It’s not quite right to call the conversations between songs in Only an Octave Apart “banter.” At least a third of the non-song material in this duo cabaret is just Anthony Roth Costanzo breaking up while Justin Vivian Bond waxes outrageous. Viv, hair in a blonde Eva Perón swoop, dreams of the rewards they deserve, like piles of drugs and hot boys. (Anthony giggles.) Viv forgets lyrics. (Anthony giggles.) Viv stands there. (Anthony giggles.) There is plenty of scripted patter, like Costanzo’s arch references to the level of stage support he’s accustomed to at international opera houses, but it’s this helpless, gurgling hysteria that sets the tone. “Don’t make me laugh!” Costanzo pleads. “It causes phlegm!” If you have always wanted to watch the country’s finest countertenor getting tickled to death by an alt-cabaret legend, here’s your chance.
The original plan, they tell us, was to do a show, press a CD, release a single, achieve glory. The shutdown upended and reversed those plans, so they made the album first, and the stage production at St. Ann’s Warehouse follows in its wake. It’s hard to say what it would have been 18 months ago, but I’m grateful they needed to wait. Everything about the gorgeous Only an Octave Apart feels tinted by the shutdown — the faint pink of its languor, the deep blue of its loneliness, and the shimmering silver of our slightly out-of-control emotional release.
Speaking of color, the physical production itself is flooded with it. Costumer Jonathan Anderson keeps the pair in sumptuous, glittering gowns — including a pair of stretchy velveteen dresses that seem to have mated with I.M. Pei’s pyramids. Director Zack Winokur, set designer Carlos Soto, and lighting designer John Torres dress the stage as if it’s a diva too, draping her in vivid satins and chiffons. The front curtain is electric-blue taffeta, pulled aside to reveal a green velvet grotto, backed by a filmy gauze curtain, drawn in front of a curtain of silver lamé. The backdrops do a kind of striptease, each layer dragging slowly aside as the show progresses. The energy between Bond and Costanzo is sweet and unsensual, but the show still oozes sex, partly because of that naughty stage set that’s always slipping out of her robes to get into something more comfortable.
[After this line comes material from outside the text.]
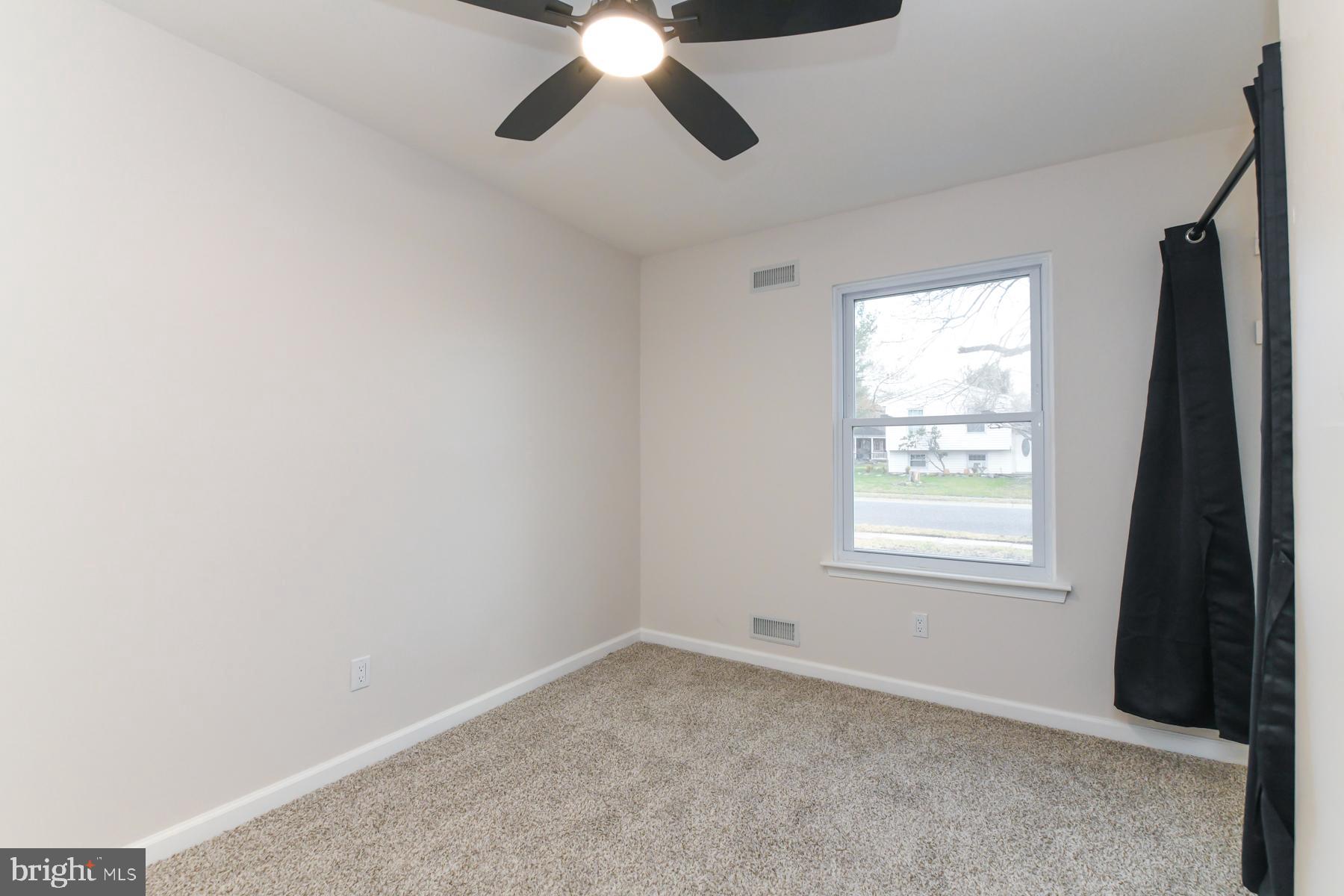10 Ivy Lane Sicklerville, NJ 08081 - Photo 19 of 30 an empty room with a window and a fan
Bond and Costanzo’s two voices couldn’t be more different. Bond’s trans-chanteuse growl sounds like a thousand cigarettes, a million smoky bars. They can sharpen their clarinet tone to something almost feline, so songs might end on a feral yowl instead of a note. Beauty swims in and out of Bond’s sound — sometimes their voice strains and breaks, sometimes (as in a medley of Judy Garland’s “I’m Always Chasing Rainbows” and Rickie Lee Jones’s “Rainbow Sleeves”) it vibrates at the room’s own resonance, and the air around you warms. Costanzo, on the other hand, is high and pristine where Bond is low and dirty, precise where Bond slides like a high heel on a barroom floor. He refers to opera as his “safe space,” though listening to how he handles Purcell and Bizet and Gluck like bare blades seems dangerous enough.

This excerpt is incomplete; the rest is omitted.